# Exercise instructions
Reproduce all the records word for word. Omit images.

____

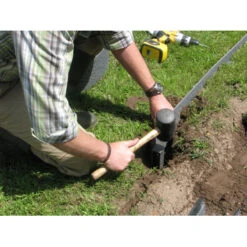 Talen Tools Ecolat Recht 1,2m X 14cm X 1cm Voor Afboording - 4 Stuks -Tuingereedschap 123 6723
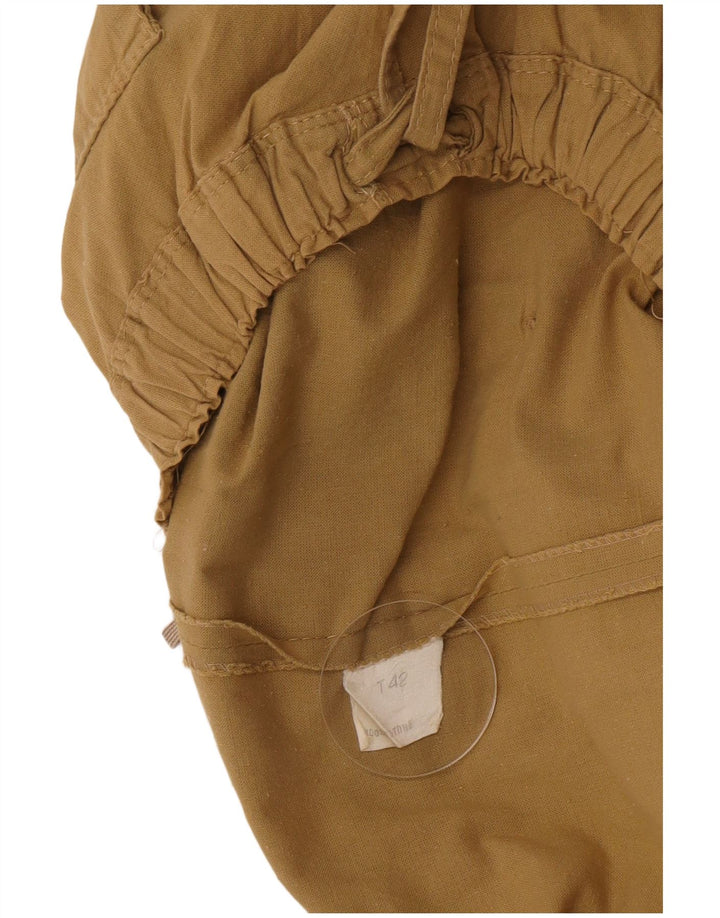 Vintage A-line nederdel til kvinder IT 42 Medium Khaki Bomuld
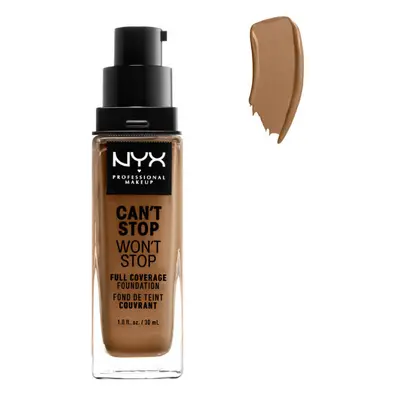 Nyx CanÃÂ´t Stop WonÃÂ´t Stop Full Coverage Foundation Nutmeg 30ml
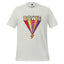 Bowie's Ziggy Stardust Lightning Bolt Tee — 70s Glam Rock Style Silver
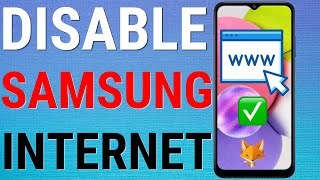 How To Delete Samsung Internet [upl. by Chapa]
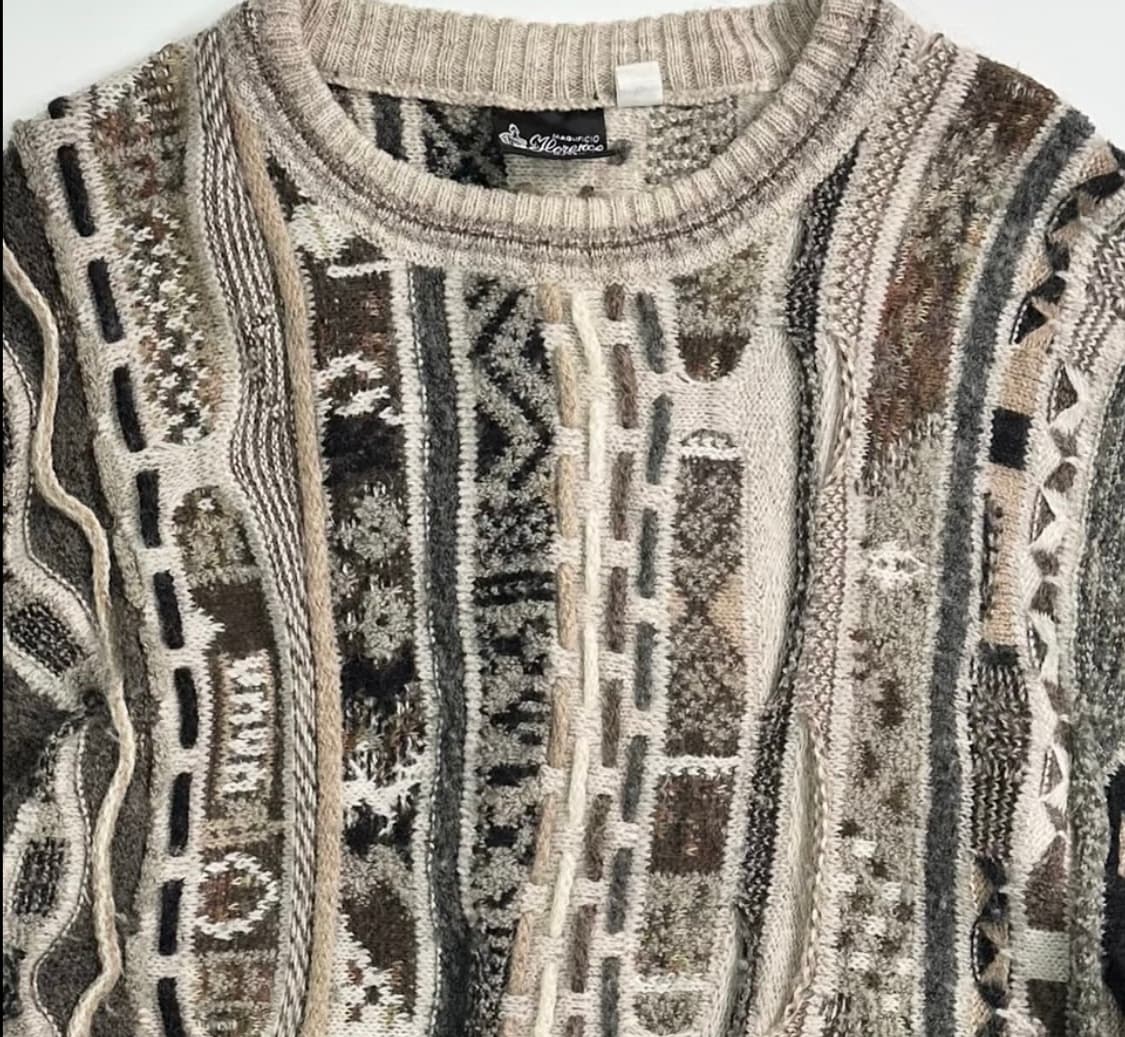 이태리 빈티지 케이블 니트 상품이미지2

____

# Response below
 Talen Tools Ecolat Recht 1,2m X 14cm X 1cm Voor Afboording - 4 Stuks -Tuingereedschap 123 6723
 Vintage A-line nederdel til kvinder IT 42 Medium Khaki Bomuld
 Nyx CanÃÂ´t Stop WonÃÂ´t Stop Full Coverage Foundation Nutmeg 30ml
 Bowie's Ziggy Stardust Lightning Bolt Tee — 70s Glam Rock Style Silver
 How To Delete Samsung Internet [upl. by Chapa]
 이태리 빈티지 케이블 니트 상품이미지2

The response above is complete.